The award symbolized the greenwashing of their climate-destructive policies globally. While Servat denounced the climate crimes of the World Bank and the International Monetary Fund (IMF), activists from Debt for Climate brought a large banner reading "Stop Greenwashing Colonialism - Cancel the Debt!" to the front of the stage and distributed informational materials to the audience about the World Bank's role in exacerbating the climate crisis.

https://youtu.be/w\-QtN9TG67c

After the provocative award ceremony, Servat left the stage, followed by numerous visitors to the panel discussion. Leaving an empty auditorium behind, young climate activists gathered outside on their own initiative to organize for the cancellation of debt for the Global South in order to help enable a self-determined and just energy transition.

"It's a shame that the World Bank is being given a platform to brainwash young people who want to learn about real action on humanity's greatest threat, the climate crisis, into believing that the solutions to our current problems will come from the same institutions that caused them in the first place," Servat reasons of the walk-out.
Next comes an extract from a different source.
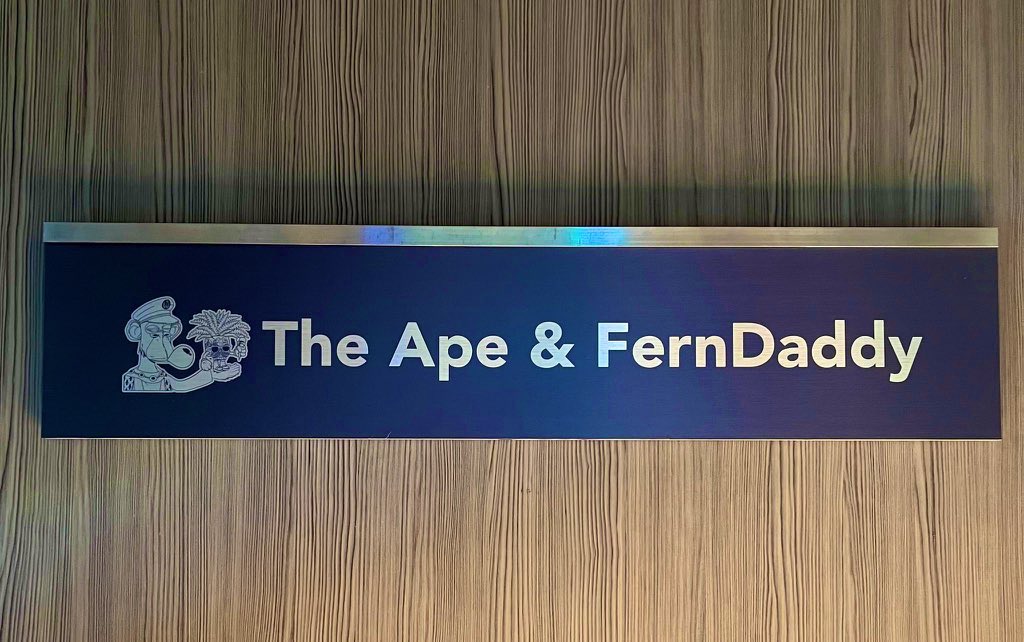 Joe_Latsch's tweet photo. @idsinmia @GrantCardone @captain6171 @GRMI_Studios @Craig_Mack @WzkDnft That #SuiteLife is probably my greatest experience as a sports fanatic! When it comes to IRL utility #ferndaddy by @GRMI_Studios is one of the best around! https://t.co/SqqU0wHS1v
Represented on the panel, which was supposed to be about climate-friendly reform of the international financial architecture, were exclusively institutions that are directly and indirectly linked to the World Bank and the International Monetary Fund: the BMZ, whose minister Svenja Schulze is the German representative at the World Bank; the Deutsche Bundesbank, for which Joachim Nagel represents Germany at the IMF; and of course the World Bank itself. And this whilst studies show that the World Bank and the IMF are directly contributing to the worsening of the climate crisis.

"The World Bank and the IMF are responsible for the continued extraction of fossil fuels, as in my home country of Argentina, where they open the doors for multinational companies to destroy our land and poison our water by extracting gas and oil, just so we can pay the interest on loans that are illegitimate in the first place." says Servat.

By means of its internal decision-making structures and exerting foreign influence on the economies and policies of other countries, especially in the Global South, the World Bank has been reproducing colonial power relations since its creation in 1944. Its debt policy aims to cement dependency relationships between lenders and countries impoverished by centuries of colonial plunder, not to pursue progressive and climate-friendly fiscal policies.

"We cannot stand by silently as they try to portray themselves as saviors, even though they are the ones perpetuating the colonial power relations between the Global North and South," says Louise Wagner from Debt for Climate.

It was all the more important for the activists to offer an alternative for young people interested in transformative and justice-oriented climate policies and to unmask the destructive policies of the World Bank.

The protest action took place just one day before the start of the Annual Meetings of the IMF and the World Bank in Morocco. Debt for Climate is calling for global protests from October 12 (Day of Indigenous Resistance) to October 15 (Memorial Day for the Assassination of Thomas Sankara). In Germany, too, actions are planned in several cities on these days.